CHAPEL HILL, N.C. — College football has eras just like the Earth itself.
You know this place was once all covered in ice. The Ice Age, they called it. The dinosaurs roamed the globe during the Jurassic Age. The Pleistocene Age came about some 300,000 years ago, when modern humans began to evolve in Africa.
But enough history, let’s get back to college football. It’s why you’re here and it’s why I’m here too. College football once had an era without passing and face guards. We’ll call it the Bloodied Age, because most players never left a game without blood somewhere—gushing from their arm, stained on their pants, matted in their hair. The sport then shifted heavily toward a specific ground-and-pound scheme: the Option Age. And don’t forget the days of the I-formation Age (one of my favorites).
For the last decade or so, college football—and football in general—has found a new system of offense, one that includes five receivers, relentless shotgun snaps, no huddles and bonanzas of points and yards.

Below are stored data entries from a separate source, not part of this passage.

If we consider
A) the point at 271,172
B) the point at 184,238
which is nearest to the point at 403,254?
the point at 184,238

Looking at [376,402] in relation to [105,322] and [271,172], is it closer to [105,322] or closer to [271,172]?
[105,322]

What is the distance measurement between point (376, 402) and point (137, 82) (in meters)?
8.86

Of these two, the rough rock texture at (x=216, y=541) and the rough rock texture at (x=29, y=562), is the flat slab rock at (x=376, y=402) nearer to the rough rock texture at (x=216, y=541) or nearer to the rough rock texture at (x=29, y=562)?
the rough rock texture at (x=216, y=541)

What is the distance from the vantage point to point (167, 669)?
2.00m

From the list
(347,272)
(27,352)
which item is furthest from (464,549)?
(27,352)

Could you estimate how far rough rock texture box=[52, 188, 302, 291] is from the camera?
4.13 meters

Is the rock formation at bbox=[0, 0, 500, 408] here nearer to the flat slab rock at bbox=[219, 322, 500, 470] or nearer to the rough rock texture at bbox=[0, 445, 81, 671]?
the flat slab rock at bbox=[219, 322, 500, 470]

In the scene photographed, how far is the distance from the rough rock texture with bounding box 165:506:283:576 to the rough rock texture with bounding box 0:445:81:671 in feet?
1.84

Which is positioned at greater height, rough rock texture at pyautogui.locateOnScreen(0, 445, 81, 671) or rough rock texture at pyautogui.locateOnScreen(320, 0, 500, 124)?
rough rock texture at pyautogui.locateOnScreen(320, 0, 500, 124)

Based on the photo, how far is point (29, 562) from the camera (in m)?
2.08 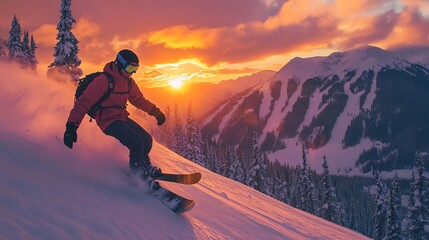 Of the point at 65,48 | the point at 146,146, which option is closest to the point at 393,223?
the point at 65,48

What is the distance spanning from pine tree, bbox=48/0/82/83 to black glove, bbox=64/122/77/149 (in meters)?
27.0

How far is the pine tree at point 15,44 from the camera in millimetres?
47031

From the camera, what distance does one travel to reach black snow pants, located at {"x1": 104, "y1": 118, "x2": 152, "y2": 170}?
6.79 meters

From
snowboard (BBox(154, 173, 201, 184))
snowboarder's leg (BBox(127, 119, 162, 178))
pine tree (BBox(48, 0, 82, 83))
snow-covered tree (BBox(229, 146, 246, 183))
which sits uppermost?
pine tree (BBox(48, 0, 82, 83))

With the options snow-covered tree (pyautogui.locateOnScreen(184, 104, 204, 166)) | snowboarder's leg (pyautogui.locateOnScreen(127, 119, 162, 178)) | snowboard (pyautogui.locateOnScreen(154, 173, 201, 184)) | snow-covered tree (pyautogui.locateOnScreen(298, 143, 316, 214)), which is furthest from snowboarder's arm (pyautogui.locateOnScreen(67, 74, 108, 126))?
snow-covered tree (pyautogui.locateOnScreen(298, 143, 316, 214))

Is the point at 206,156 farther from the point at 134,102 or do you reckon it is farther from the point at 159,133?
the point at 134,102

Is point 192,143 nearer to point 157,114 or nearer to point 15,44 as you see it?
point 15,44

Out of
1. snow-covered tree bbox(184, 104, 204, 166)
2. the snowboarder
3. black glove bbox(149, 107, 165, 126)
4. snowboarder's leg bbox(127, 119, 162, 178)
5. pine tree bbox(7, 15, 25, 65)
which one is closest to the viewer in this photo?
the snowboarder

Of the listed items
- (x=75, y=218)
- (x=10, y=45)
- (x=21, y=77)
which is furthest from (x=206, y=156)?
(x=75, y=218)

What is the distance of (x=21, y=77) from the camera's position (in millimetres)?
9227

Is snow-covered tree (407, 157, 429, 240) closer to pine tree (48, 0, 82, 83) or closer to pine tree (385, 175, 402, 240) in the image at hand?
pine tree (385, 175, 402, 240)

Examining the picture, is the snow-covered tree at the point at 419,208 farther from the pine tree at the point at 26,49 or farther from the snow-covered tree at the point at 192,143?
the pine tree at the point at 26,49

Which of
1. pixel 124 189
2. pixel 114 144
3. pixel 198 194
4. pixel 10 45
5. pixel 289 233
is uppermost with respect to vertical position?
pixel 10 45

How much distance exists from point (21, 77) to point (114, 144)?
3193 millimetres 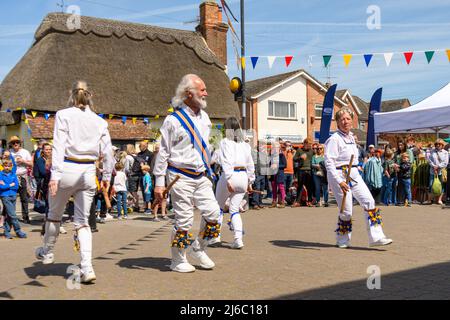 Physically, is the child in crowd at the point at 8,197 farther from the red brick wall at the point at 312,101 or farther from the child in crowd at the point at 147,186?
the red brick wall at the point at 312,101

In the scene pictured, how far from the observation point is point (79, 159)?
4926 millimetres

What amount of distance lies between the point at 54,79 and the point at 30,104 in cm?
229

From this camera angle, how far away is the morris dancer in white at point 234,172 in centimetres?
696

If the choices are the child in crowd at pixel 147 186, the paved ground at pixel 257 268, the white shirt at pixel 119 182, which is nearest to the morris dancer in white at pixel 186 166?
the paved ground at pixel 257 268

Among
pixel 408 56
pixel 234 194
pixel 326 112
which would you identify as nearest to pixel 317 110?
pixel 326 112

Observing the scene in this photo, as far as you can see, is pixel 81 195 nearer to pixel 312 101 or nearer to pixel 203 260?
pixel 203 260

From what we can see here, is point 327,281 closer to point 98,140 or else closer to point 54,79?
point 98,140

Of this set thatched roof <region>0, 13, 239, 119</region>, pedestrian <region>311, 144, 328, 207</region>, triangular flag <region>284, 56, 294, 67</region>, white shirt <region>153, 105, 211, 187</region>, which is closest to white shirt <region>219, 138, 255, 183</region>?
white shirt <region>153, 105, 211, 187</region>

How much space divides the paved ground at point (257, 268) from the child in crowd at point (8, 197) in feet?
1.32

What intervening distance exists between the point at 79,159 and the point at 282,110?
3145 centimetres

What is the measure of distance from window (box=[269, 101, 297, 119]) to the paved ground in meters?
26.2

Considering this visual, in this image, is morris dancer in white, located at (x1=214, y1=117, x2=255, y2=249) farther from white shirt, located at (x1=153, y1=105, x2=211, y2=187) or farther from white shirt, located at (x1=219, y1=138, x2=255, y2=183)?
white shirt, located at (x1=153, y1=105, x2=211, y2=187)

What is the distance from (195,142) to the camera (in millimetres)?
5316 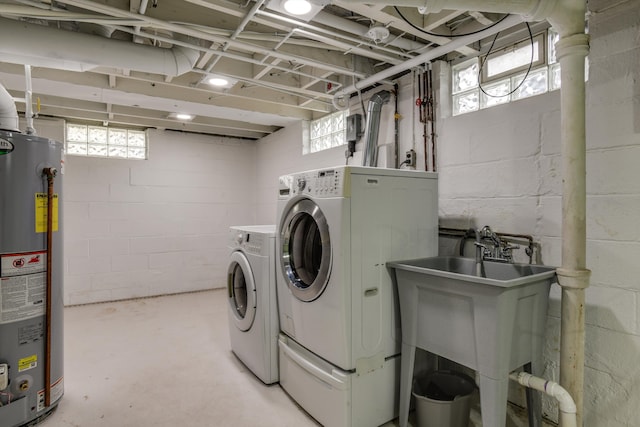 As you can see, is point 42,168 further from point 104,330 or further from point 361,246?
point 104,330

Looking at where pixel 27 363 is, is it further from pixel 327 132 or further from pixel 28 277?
pixel 327 132

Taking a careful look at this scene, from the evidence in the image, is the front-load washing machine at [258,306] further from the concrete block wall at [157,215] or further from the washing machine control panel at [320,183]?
the concrete block wall at [157,215]

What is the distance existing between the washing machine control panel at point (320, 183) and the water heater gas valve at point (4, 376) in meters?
1.72

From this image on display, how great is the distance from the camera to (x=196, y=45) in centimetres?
225

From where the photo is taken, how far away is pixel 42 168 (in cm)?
193

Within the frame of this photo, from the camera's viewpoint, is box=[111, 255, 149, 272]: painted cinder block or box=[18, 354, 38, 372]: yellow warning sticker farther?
box=[111, 255, 149, 272]: painted cinder block

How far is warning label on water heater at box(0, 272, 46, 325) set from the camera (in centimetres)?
182

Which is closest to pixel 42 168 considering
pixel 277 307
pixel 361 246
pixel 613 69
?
pixel 277 307

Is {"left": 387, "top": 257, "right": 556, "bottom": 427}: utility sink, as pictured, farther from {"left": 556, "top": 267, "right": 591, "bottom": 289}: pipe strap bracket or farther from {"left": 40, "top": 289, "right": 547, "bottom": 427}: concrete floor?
{"left": 40, "top": 289, "right": 547, "bottom": 427}: concrete floor

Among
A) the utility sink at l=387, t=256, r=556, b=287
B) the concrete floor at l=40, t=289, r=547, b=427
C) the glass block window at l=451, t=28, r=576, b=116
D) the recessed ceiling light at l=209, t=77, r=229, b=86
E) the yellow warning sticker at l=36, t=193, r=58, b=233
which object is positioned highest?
the recessed ceiling light at l=209, t=77, r=229, b=86

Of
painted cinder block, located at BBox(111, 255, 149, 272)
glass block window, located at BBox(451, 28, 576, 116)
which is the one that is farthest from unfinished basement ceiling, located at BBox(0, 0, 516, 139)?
painted cinder block, located at BBox(111, 255, 149, 272)

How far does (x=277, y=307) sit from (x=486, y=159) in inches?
64.1

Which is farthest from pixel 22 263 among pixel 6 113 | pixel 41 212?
pixel 6 113

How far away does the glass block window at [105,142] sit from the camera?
165 inches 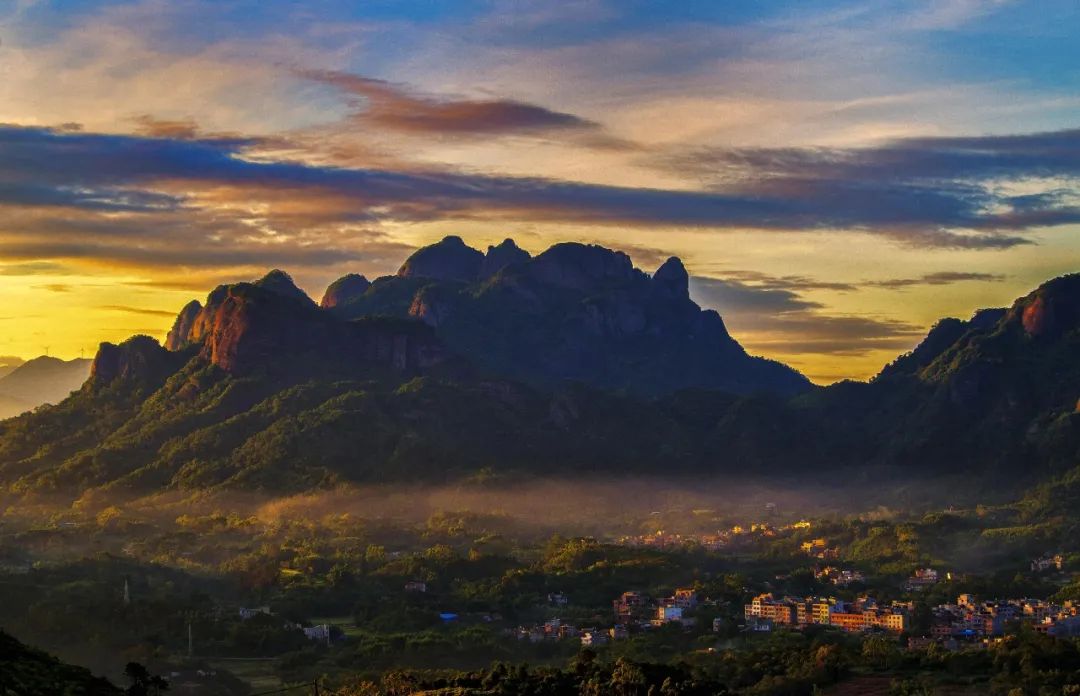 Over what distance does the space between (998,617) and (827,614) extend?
11.2 metres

The Spread Age has changed the game forever. It has changed defenses, too. And it has recently made the game’s greatest active coach, Nick Saban, a defensive guru himself, acknowledge that a great defense can no longer beat a great offense.
And then there’s Notre Dame. They run the ball, they play great defense and they’re undefeated.

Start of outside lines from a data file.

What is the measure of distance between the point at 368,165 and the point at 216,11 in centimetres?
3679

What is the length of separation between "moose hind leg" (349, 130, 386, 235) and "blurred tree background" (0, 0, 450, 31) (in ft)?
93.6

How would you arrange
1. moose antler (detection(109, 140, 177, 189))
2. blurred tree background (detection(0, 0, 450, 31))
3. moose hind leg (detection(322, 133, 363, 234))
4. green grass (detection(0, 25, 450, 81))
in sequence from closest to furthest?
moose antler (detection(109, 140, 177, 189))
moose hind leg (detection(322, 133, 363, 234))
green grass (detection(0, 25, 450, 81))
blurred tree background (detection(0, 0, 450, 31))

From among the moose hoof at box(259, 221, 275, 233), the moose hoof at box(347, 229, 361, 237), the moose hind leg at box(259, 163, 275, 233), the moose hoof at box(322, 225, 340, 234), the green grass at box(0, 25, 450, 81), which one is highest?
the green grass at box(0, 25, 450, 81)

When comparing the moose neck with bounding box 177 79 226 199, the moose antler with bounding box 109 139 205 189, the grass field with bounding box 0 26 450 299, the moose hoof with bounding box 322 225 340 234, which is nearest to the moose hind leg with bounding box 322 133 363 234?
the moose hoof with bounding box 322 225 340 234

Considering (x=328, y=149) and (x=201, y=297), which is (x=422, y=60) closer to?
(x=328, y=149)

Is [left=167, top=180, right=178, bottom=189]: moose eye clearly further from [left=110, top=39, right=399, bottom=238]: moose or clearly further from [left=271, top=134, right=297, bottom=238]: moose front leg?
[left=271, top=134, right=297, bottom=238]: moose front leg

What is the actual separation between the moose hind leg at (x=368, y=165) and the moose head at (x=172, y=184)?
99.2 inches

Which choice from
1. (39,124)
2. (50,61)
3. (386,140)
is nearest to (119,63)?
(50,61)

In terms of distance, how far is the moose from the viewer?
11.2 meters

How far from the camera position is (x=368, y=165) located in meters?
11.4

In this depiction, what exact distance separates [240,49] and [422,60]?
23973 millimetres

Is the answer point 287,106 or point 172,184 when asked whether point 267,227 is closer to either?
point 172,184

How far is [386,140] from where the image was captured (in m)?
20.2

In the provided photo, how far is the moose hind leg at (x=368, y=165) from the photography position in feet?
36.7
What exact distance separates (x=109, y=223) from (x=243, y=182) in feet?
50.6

Here on Friday night, in the clear and cool skies of North Carolina, the Irish displayed a style of ball that we (well, me at least) long for. Bruising. Bullish. Bashing.

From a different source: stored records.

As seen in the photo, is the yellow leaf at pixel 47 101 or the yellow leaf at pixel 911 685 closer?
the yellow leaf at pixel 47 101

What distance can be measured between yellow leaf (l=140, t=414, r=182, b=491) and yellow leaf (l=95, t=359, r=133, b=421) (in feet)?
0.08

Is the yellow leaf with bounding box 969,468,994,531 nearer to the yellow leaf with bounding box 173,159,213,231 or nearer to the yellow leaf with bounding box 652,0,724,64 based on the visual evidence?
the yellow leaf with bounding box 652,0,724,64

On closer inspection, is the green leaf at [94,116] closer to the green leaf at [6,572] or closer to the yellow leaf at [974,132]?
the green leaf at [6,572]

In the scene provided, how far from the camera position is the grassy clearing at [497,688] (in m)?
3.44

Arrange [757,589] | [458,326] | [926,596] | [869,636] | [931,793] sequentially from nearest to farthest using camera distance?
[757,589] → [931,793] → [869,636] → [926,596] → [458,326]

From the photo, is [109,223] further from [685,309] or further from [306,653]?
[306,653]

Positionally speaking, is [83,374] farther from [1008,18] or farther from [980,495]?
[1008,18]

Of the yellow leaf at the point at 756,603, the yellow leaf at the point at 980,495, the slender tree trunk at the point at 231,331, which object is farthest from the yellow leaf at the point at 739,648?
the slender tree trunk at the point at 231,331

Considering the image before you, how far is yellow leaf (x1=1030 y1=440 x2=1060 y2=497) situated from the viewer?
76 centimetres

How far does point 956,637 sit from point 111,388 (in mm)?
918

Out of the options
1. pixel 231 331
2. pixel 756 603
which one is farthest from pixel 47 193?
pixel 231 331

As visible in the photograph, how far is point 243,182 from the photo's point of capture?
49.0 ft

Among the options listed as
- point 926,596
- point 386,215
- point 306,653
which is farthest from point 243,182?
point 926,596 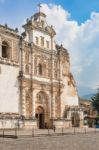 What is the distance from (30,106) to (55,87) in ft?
20.2

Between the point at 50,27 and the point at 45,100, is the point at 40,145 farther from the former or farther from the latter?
the point at 50,27

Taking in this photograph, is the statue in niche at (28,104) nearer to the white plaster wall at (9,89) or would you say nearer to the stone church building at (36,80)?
the stone church building at (36,80)

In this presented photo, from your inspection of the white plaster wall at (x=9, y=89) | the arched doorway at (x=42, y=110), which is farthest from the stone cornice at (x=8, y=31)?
the arched doorway at (x=42, y=110)

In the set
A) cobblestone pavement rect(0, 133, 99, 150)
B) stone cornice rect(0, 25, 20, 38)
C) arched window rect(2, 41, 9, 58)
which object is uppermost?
stone cornice rect(0, 25, 20, 38)

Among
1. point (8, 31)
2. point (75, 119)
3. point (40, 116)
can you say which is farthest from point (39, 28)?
point (75, 119)

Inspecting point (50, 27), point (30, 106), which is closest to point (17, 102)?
point (30, 106)

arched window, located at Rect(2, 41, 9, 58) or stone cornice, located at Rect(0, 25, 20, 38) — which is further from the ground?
stone cornice, located at Rect(0, 25, 20, 38)

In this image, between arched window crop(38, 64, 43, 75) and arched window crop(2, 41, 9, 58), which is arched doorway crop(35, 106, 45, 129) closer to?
arched window crop(38, 64, 43, 75)

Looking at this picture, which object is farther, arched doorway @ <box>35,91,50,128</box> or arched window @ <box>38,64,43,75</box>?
arched window @ <box>38,64,43,75</box>

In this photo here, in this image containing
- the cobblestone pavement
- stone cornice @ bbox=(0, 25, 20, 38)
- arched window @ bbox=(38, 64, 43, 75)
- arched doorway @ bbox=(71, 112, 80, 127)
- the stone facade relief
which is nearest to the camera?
the cobblestone pavement

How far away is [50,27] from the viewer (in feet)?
166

Coach Brian Kelly has himself a club that plays a battering ram style of football—both offensively and defensively—from a bygone era. The result, thus far, has been very good. After a 31-17 win over North Carolina, the No. 2-ranked Irish are 9-0, one win away from playing for the ACC championship and three wins away from advancing to the College Football Playoff.
I know what you’re thinking. Notre Dame. Big game. Blowout.
We’ve seen it before. The Irish, in fact, are 2-18 in their last 20 games against top-5 teams. They advanced to the 2012 national title only to get smashed, 42-14, by Alabama. In 2018, Clemson whipped them 30-3 in a CFP semifinal.
And maybe this Notre Dame team is en route to the same end result. Maybe they don’t even get there. Maybe a Trevor Lawrence-quarterbacked Clemson dominates the Irish in the ACC title game. Maybe.
Or maybe not. Maybe ND’s bruising running game (14th nationally) and salty defense (9th nationally) can, in fact, suffocate the Spread Age offenses of college football’s powerhouses.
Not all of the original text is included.